To print characters along a line in the output page within a nested
iteration of the form

FOR R:= 1 TO RMAX DO
     BEGIN
     FOR C:= 1 TO CMAX DO
	(* write correct character for (R,C)*);
WRITELN
END.

find the equation f(R,C)=0 for the line, and use the condition

IF f(R,C) = 0
THEN WRITE('*')
ELSE WRITE(' ')

				IF R+C=6 (* F = R+C - 6 *)
				THEN WRITE('*')
				ELSE WRITE(' ')


To print characters on one side of a line, use the appropriate case of

IF f(R,C) > 0
IF f(R,C) < 0
IF f(R,C) >= 0
IF f(R,C) <= 0

where the latter two are appropriate if the dividing line is itself to be dark.

				IF R+C <= 6 THEN ...


				IF SQR(R-7)+SQR(C-8)<=18 THEN ...


Shaded regions defined by several lines can be put together using AND and OR
on the conditions for the separate lines:

				IF (R+C>=0) OR (SQR(R)+SQR(C)<=25) THEN ...

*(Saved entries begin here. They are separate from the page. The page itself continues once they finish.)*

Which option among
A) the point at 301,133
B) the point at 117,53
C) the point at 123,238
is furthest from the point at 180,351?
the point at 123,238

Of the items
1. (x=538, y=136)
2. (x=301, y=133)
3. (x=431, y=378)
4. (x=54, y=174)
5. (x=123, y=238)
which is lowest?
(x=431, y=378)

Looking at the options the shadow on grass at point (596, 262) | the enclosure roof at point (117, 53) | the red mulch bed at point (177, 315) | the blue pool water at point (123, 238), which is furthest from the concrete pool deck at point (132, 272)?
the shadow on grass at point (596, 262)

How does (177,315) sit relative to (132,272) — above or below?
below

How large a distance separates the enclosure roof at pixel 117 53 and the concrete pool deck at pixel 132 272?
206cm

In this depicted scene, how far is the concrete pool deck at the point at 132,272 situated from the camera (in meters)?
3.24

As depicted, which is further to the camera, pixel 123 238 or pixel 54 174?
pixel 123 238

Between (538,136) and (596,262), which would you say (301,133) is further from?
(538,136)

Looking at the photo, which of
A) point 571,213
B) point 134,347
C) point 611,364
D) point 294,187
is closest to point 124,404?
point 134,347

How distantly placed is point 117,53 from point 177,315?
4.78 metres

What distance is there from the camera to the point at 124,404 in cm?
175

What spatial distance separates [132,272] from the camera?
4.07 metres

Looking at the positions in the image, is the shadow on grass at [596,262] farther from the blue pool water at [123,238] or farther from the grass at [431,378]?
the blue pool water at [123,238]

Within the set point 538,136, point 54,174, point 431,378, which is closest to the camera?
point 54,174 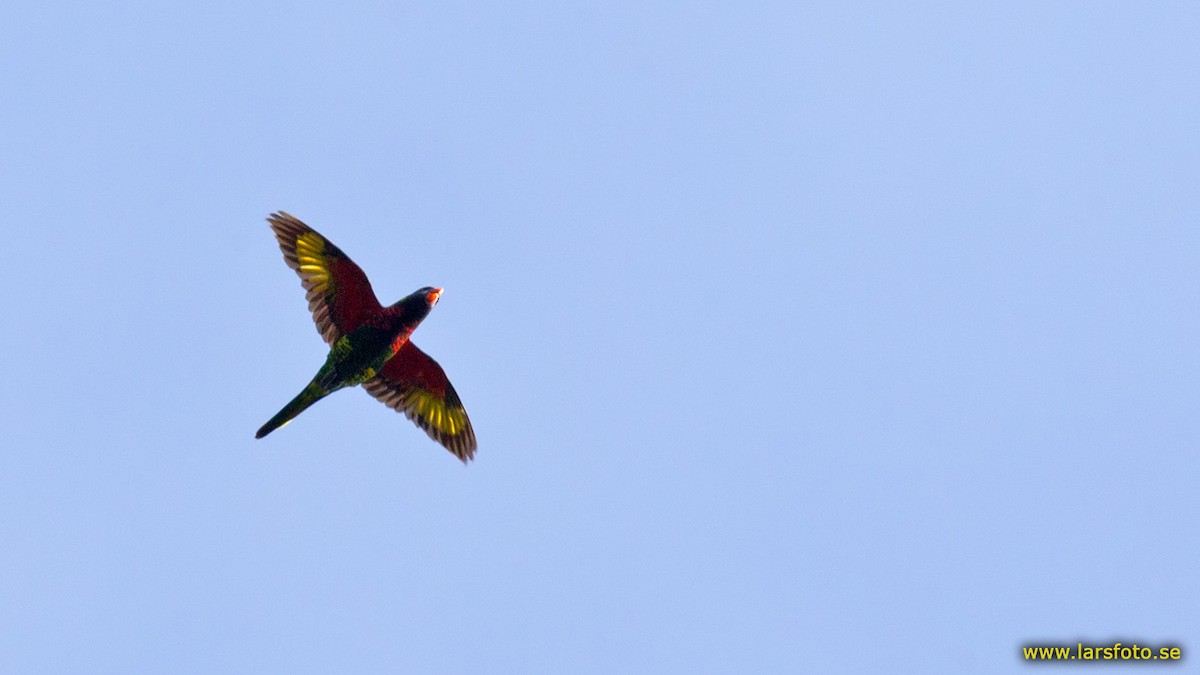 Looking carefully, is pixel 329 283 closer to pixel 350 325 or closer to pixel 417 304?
pixel 350 325

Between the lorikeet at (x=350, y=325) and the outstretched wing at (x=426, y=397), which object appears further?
the outstretched wing at (x=426, y=397)

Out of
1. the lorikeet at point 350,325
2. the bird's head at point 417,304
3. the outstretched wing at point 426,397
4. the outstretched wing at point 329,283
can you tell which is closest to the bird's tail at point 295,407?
the lorikeet at point 350,325

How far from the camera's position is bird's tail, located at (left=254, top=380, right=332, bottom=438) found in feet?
71.4

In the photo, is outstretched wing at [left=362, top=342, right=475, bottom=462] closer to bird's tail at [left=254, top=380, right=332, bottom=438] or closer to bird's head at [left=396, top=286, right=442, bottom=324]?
bird's head at [left=396, top=286, right=442, bottom=324]

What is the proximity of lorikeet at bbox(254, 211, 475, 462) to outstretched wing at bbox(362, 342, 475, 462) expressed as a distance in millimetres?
18

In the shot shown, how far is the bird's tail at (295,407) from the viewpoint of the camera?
21766 millimetres

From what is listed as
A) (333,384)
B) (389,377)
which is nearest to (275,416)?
(333,384)

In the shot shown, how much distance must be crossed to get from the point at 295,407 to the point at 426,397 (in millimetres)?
2914

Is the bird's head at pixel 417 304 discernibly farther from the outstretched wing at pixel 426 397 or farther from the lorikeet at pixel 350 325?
the outstretched wing at pixel 426 397

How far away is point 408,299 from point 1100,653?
44.0 feet

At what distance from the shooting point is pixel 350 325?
22.5 meters

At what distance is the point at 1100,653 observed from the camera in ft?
73.3

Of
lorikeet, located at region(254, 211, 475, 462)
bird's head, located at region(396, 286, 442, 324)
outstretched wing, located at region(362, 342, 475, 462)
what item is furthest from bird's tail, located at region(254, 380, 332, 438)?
bird's head, located at region(396, 286, 442, 324)

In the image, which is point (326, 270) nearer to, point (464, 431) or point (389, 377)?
point (389, 377) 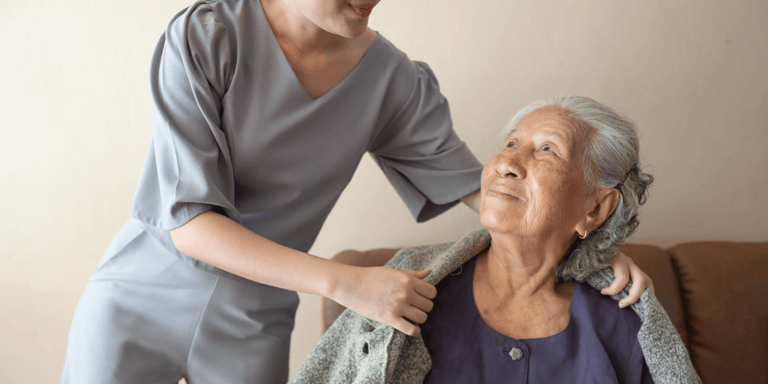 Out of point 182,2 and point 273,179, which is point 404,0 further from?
point 273,179

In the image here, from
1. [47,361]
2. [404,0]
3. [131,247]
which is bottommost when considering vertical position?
[47,361]

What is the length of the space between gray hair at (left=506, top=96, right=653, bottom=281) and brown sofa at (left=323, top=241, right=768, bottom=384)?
45 cm

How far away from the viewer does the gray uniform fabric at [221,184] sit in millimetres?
854

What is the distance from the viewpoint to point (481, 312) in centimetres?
122

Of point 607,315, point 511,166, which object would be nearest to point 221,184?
point 511,166

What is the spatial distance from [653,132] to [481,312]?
109 cm

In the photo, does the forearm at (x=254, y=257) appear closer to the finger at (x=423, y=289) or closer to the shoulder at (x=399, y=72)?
the finger at (x=423, y=289)

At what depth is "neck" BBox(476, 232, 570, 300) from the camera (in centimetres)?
117

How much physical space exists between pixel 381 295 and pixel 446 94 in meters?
1.06

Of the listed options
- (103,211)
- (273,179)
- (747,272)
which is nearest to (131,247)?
(273,179)

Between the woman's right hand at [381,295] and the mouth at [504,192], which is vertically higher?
the mouth at [504,192]

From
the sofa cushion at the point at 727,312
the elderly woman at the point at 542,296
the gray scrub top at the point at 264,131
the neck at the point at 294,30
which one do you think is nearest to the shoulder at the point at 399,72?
the gray scrub top at the point at 264,131

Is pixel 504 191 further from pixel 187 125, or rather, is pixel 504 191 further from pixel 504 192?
pixel 187 125

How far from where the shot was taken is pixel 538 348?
116 cm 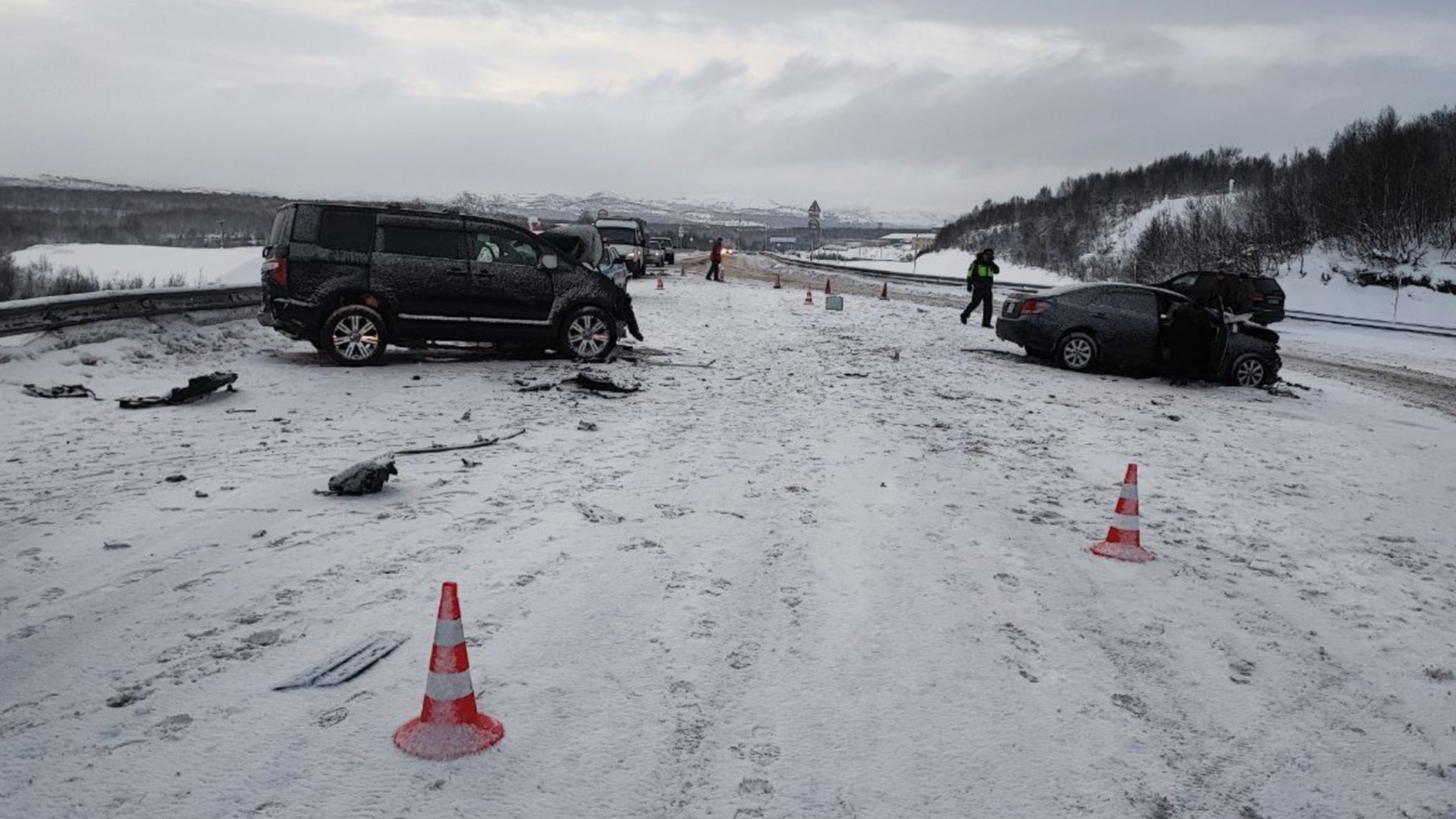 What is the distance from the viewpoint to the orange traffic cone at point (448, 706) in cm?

				IF (R+C>=0) AND (SQR(R)+SQR(C)<=25) THEN ...


In the first image, where the line and circle cross, three of the adjacent
regions are shaded, so OR is correct. In the second, only one is shaded, so
AND is correct.

A common situation has two of the four regions, diagonally opposite, shaded
at a crossing. If the equations of the lines are f(R,C)=0 and g(R,C)=0,
test the product f(R,C)*g(R,C):


	R-C=0	           R+C-8=0		(R-C)*(R+C-8)>0


If you want the dividing lines to be dark, use >= or <= :


program PinWheel(output)
	const Size = 10;
	var Col, Row : integer;
begin (* PinWheel *)
	for Row:= - Size to Size do begin
		for Col:= -Size to Size do
			if (Col * Row * (Col-Row)*(Col+Row))) >= 0 then write ('*')
			else write(' ');
		writeln;
	end;
end. (* PinWheel *)


In the above image, the oval line f=0 separates the image into an outer part
where the test g<0 must be made, and an inner part where h<0 must be tested.
We therefore make the test on f first.

IF f<0 THEN
	IF h<0 THEN WRITE(' ') ELSE WRITE('*')
ELSE
	IF g<0 THEN WRITE(' ') ELSE WRITE('*')

Rule of good programming practice: Wherever you can, split a problem into
pieces such that some of the difficult aspects of the problem are restricted
to each piece. In short: DIVIDA UT IMPERE (DIVIDE AND CONQUER).

After having designed a program that prints an image, we decide to overlay
it with a one-inch grid of asterisks. Using the condition

IF (R MOD 6=0) OR (C MOD 10=0)
THEN WRITE('*')
ELSE whatever we had before

gives priority to the grid, and thereby lays it over the other image.


To print alternate dark and white stripes, each five characters wide, notice
that the sum R+C indicates which diagonal we are on, and diagonals separated
by multiples of ten are the same shade, so we may test (R+C) MOD 10.

The correct condition is

IF (R+C) MOD 10<5
THEN WRITE(' ')
ELSE WRITE('*')



				The repeated pattern


IF (R MOD 6=0) OR (C MOD 10=0)
THEN WRITE('*')
ELSE
	IF (R MOD 12-6) * (C MOD 20-10)>0
	(*1*)
	THEN WRITE('/')
	ELSE WRITE(' ')

Drill: what happens if we insert
	AND (R+C)MOD 3=0,
at (*1*)?